A thorough history is essential.  A video is even better!  Often we can narrow down our differential list based on breed, chronicity, progression, onset and nature of the signs. History of ear infections, skin infections, access to toxins, comorbidities and certain medications can also tip us off as to the cause of the presenting signs.  Physical examination is extremely important. Paying special attention to the heart, ears, eyes, hair coat and body condition score should be done as they can give clues as to whether the patient has any comorbidities such as hyperadrenocorticism, hypothyroidism, otitis externa/media/interna, or cardiac issues.  Otoscopic examination is also essential!  While, a patient with an intact tympanic membrane is less likely to be suffering from otitis media/interna, some patients, most notably Cavalier King Charles Spaniels can have a condition known as primary secretory otitis media (PSOM), which doesn’t necessarily show evidence of a ruptured tympanic membrane.  Furthermore, some patients with chronically treated ear infections may have had a membrane, which has since healed, trapping infection inside. Please note, that finding evidence of severe ear infection with tympanic bulla involvement does not mean this is the cause of the problem, but if the client does not want to pursue further diagnostics, this is a great place to start treatment.  

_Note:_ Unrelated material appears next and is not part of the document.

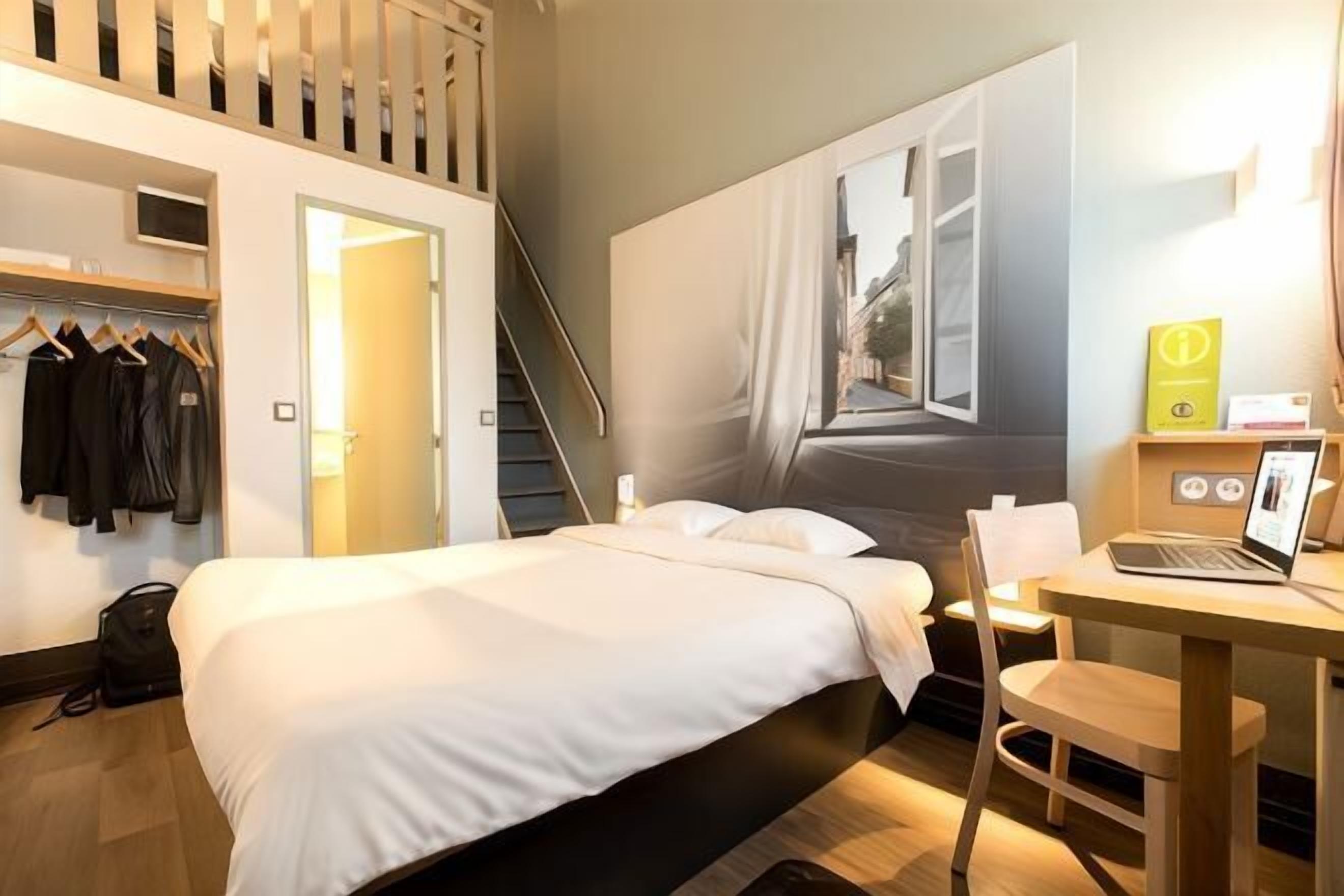 Seprai premium, meja kerja, kedap suara, dan Wi-Fi gratis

Following this, a thorough neurologic examination is needed.  This includes not only noting head tilt and nystagmus direction, but ALL cranial nerves I-XII, level of consciousness, gait assessment, postural reactions and positional disturbances.  This is by far the most cost effective way to make a tentative diagnosis and therefore as accurate prognosis as possible without advanced diagnostic modalities. 
Vestibular syndrome is actually caused by a lack of BALANCE between the input from the vestibular nuclei on each side.  Generally at rest, there is a resting tone coming from the sensors to the nuclei, in the event of a middle ear infection or a lesion affecting the vestibular nuclei there is LESS input on the affected side, this “tricks” the nervous system into thinking it is falling AWAY from the affected side.  The body compensates, by falling TOWARDS the side!  The exception to this rule is with paradoxic vestibular syndrome in which the inhibitory pathways to the vestibular nuclei are affected, causing an INCREASE in tone on the affected side.

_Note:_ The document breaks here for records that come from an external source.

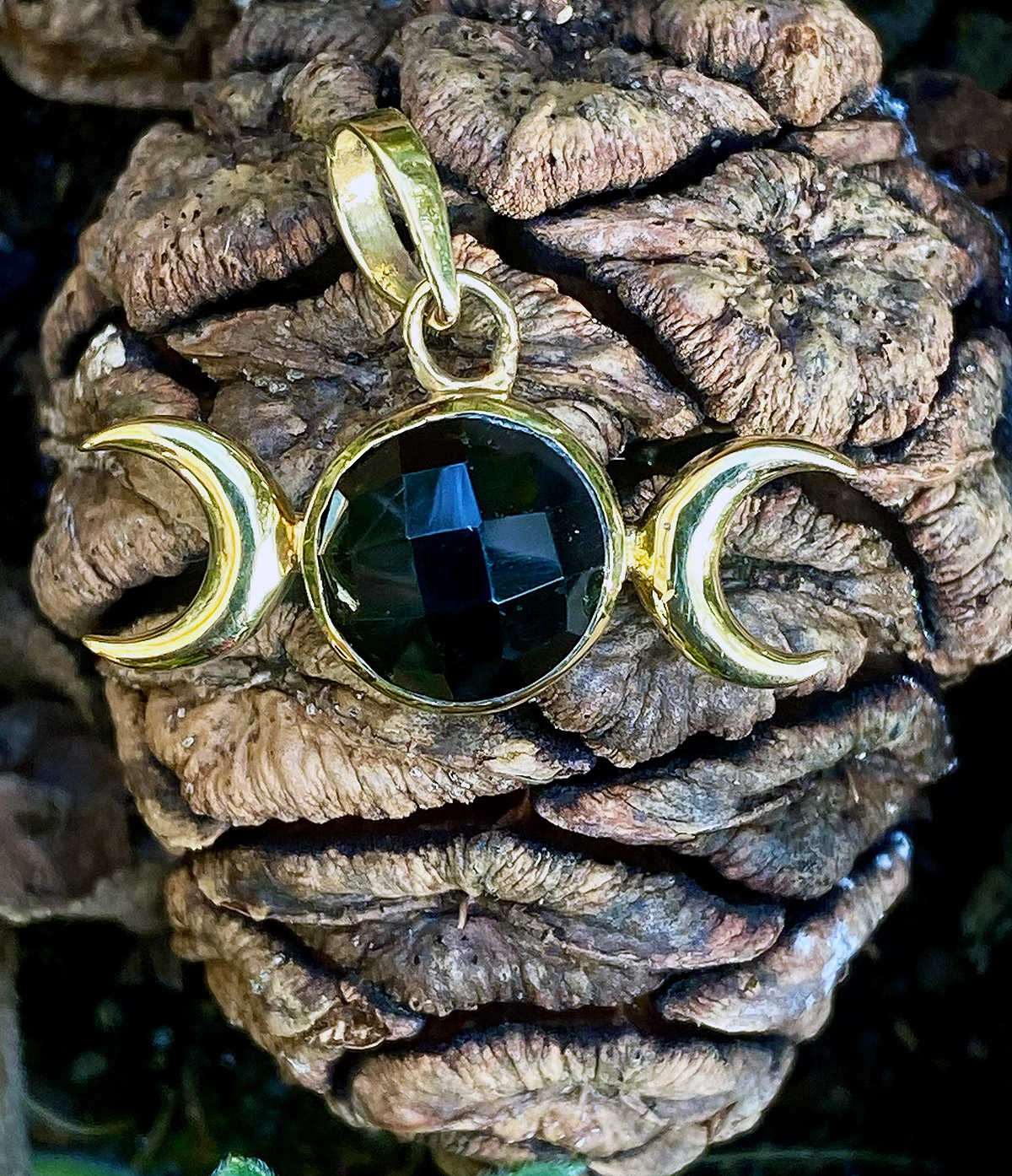 Dreifache Mondgöttin Messing Anhänger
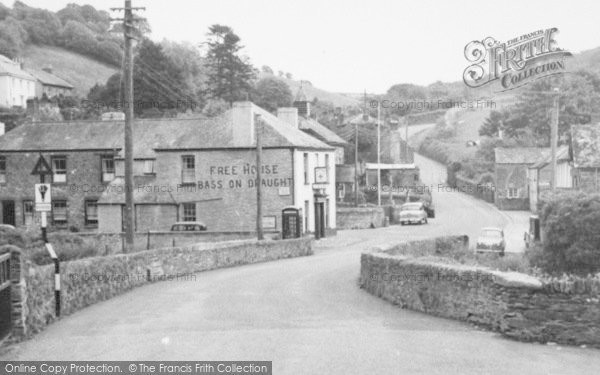 Photo of Hessenford, The Copley Arms c.1955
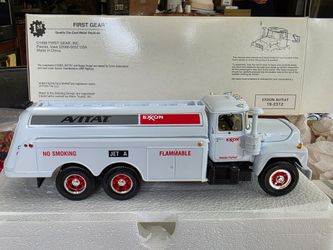 Mack  Diecast ExxonMobil fuel tanker
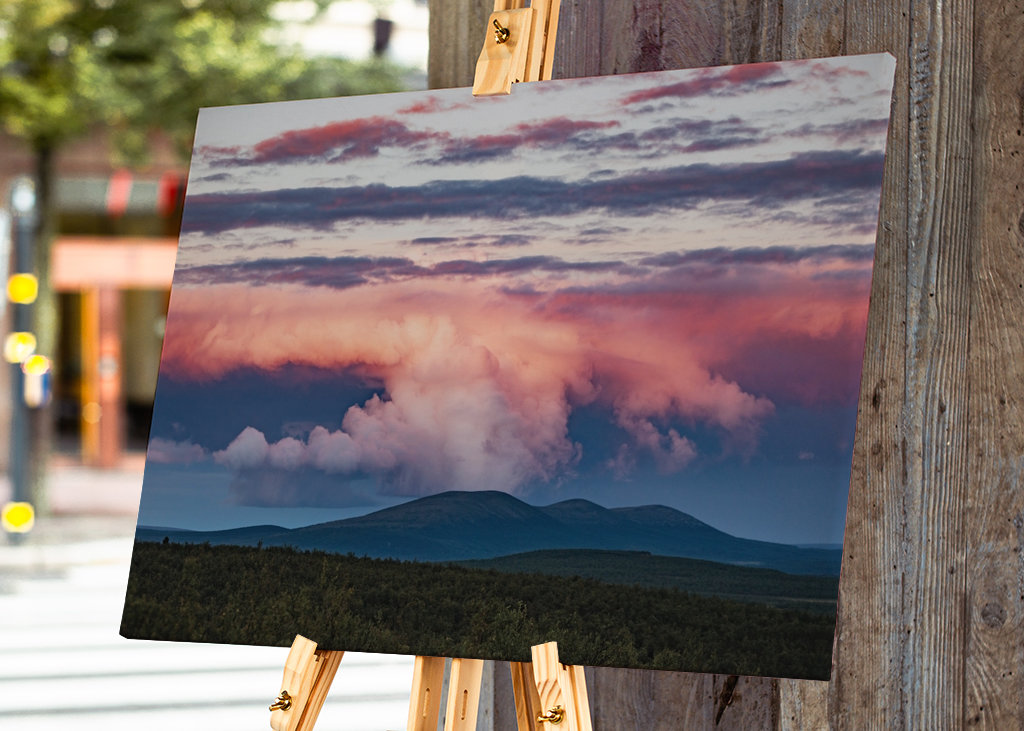Auringonlasku Lapin tuntureilla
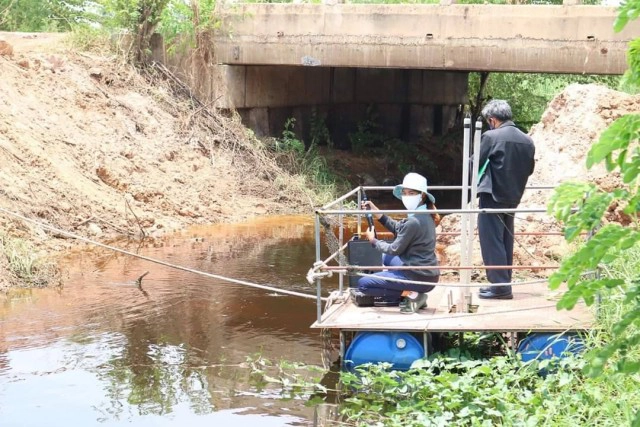 ขุดลอกบึงหนองโจด หวั่นสารพิษทะลักลงน้ำพองเน่า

The classic picture of a dog with peripheral vestibular disease is an alert patient with a head tilt to the side of the lesion, a HORIZONTAL or ROTARY nystagmus away from the lesion (generally opposite the head tilt), ataxia and falling to the side of the head tilt.  These patients generally have NO postural deficits.  This is the major key in differentiated central and peripheral vestibular disease but can be hard to ascertain in a severely affected patient.   In addition to this, there is often extensor rigidity on the contralateral side to the head tilt and rolling.  This should not be confused with a postural deficit.  Further evidence of peripheral vestibular disease includes Horners’ Syndrome and facial nerve paralysis with NO OTHER CRANIAL NERVES INVOLVED.  This suggests involvement of the tympanic bulla, where CNVII and the sympathetic innervation the orbit passes through.  Nystagmus should not change based on head position, but in some patients it can be exacerbated with rotation to the side of the lesion.

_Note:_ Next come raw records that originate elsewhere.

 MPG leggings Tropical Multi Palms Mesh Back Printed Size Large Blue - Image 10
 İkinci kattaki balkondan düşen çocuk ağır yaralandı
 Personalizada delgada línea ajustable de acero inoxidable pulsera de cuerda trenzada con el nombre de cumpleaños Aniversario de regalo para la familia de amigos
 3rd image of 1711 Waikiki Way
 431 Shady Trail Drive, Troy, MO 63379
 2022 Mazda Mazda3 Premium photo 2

I tend to pair central and paradoxical vestibular syndrome together as they are both lesions affecting the central nervous system and therefore have a similar list of differentials.  Patients with central vestibular syndrome are generally more severely affected and can exhibit rolling.  They may have rotary, horizontal and sometimes VERTICAL nystagmus.  The latter while being strictly associated with central disease, can on occasion be seen in peripheral disease or confused with rotary nystagmus.  In my opinion it is is not an accurate way to determine the localization.  These patients often have a diminished level of consciousness and a nystagmus that changes with head position.  The most reliable differentiation points between central and peripheral vestibular disease, is additional cranial nerve deficits and postural reaction deficits in centrally affected dogs.  In classic central disease, the head tilt and rolling will be toward the side of the lesion, while the nystagmus will have a fast phase away (if applicable).  This localizes to the vestibular nuclei of the brainstem.  Paradoxical vestibular disease has a head tilt AWAY from the lesion, and a nystagmus with a fast phase TOWARD the lesion.  This indicates that a specific location is affected; the caudal cerebellar peduncle.  The next question that you may be thinking is “How do I know where the lesion is?”  Answer: Follow the postural deficits.  In central vestibular disease, head tilt will be toward the postural reaction deficit, while nystagmus will have a fast phase away from it.  In paradoxical vestibular syndrome, the fast phase will be toward the postural deficit, and the patient will be leaning away from it.  Please note, these rules only apply to central lesions.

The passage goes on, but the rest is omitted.